А что касается того, что религия передается от народа, у которого была эта религия, к народу, у которого ее не было, то в таком случае религия, принятая от [другого] народа, преобразуется, увеличивается или уменьшается, в нее вносятся другие изменения, [с тем чтобы] она стала устраивать другой народ и ею воспитывали, ею обучали, ею управляли. [Тогда] возможно, что религия возникла у них до того, как существовала диалектика и софистика, и философия, которая не возникла у них в силу их способностей, а перешла к ним от другого народа, у которого она существовала прежде, может возникнуть у них после религии, перешедшей к ним. (с. 155) И если бы религия следовала философии полностью и теоретические положения, существующие в ней, не существовали бы в ней, как они имеются в философии, при помощи которых они толковались, то были бы приняты их образы, положение которых было бы либо в совокупности, либо большей частью в тех выражениях, и эта религия перешла бы к другому народу без того, чтобы о ней знали, что она следует философии и что в ней есть образы теоретических положений, которые стали достоверными благодаря достоверным доказательствам.
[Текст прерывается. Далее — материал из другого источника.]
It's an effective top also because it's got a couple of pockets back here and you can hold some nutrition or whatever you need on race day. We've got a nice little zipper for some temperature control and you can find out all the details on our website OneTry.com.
Но об этом умалчивалось бы, и тот народ думал бы, что образы, которые содержит та религия, называются истиной и что они сами являются теоретическими положениями. Затем к ним перейдет философия, которой следует эта религия в совершенстве. Нет гарантии в том, чтобы та религия противодействовала философии, а люди [религии] противодействовали бы ей и отбросили бы ее, а философы противодействовали бы той религии в том, что не знали, что образы той религии те же, что и в философии. А когда бы узнали, что образы [религии] те же, что и в ней, они не стали бы противодействовать ей, но люди религии противодействовали бы той философии. У философии и у ее людей нет власти над той религией и над ее людьми, но есть [идея] откалывания, а людей этой идеи называют отколовшимися. Религия получает немного помощи от философии, но и нет гарантии в том, что философия и люди философии получили бы огромный вред от той религии и ее людей. А потому может быть, что люди [философии] вынуждены в этом [случае] противодействовать людям религии, требуя благополучия для философов. Они освобождаются от того, чтобы противодействовать самой религии, но противодействуют, в их мнении, тогда, когда они стремятся объяснить то, что в их религии является образами.
А если религия следовала порочной философии, а затем к ним пришла правильная аподиктическая философия, то философия противодействовала бы той религии во всех отношениях, а религия противодействовала бы философии в совокупности. И каждая из них желала бы (с. 156) уничтожить другую. И та из них, которая одержит верх и укрепится в душах, уничтожит другую, и та из них, которая победит другую, уничтожит ее.
А если диалектика или софистика перейдет к народу, у которого религия является устойчивой и укоренившейся, то каждая из них будет вредить той религии и пренебрегать ею в душах, твердо верящих в нее, поскольку сила каждой из них в ее действии и доказательстве [существования] вещи или отмены той вещи. А поэтому диалектические и софистические методы стали использоваться во взглядах, которые укоренились в душах от религии и продолжают укрепляться, и вкрадываются в них сомнения и доходят до [такой] степени, когда не устанавливается и не ожидается ее истина или приходит в замешательство от них, пока думают, что они не устанавливают истину и не являются их противоположностью. А поэтому положение законодателей стало [таково], что они стали запрещать диалектику и софистику самым строгим образом. Точно также и правители, которые для укрепления религии, какой бы то ни было, распорядились укрепить запрет для людей религии и предостеречь от двух [последних] самым сильным предостережением.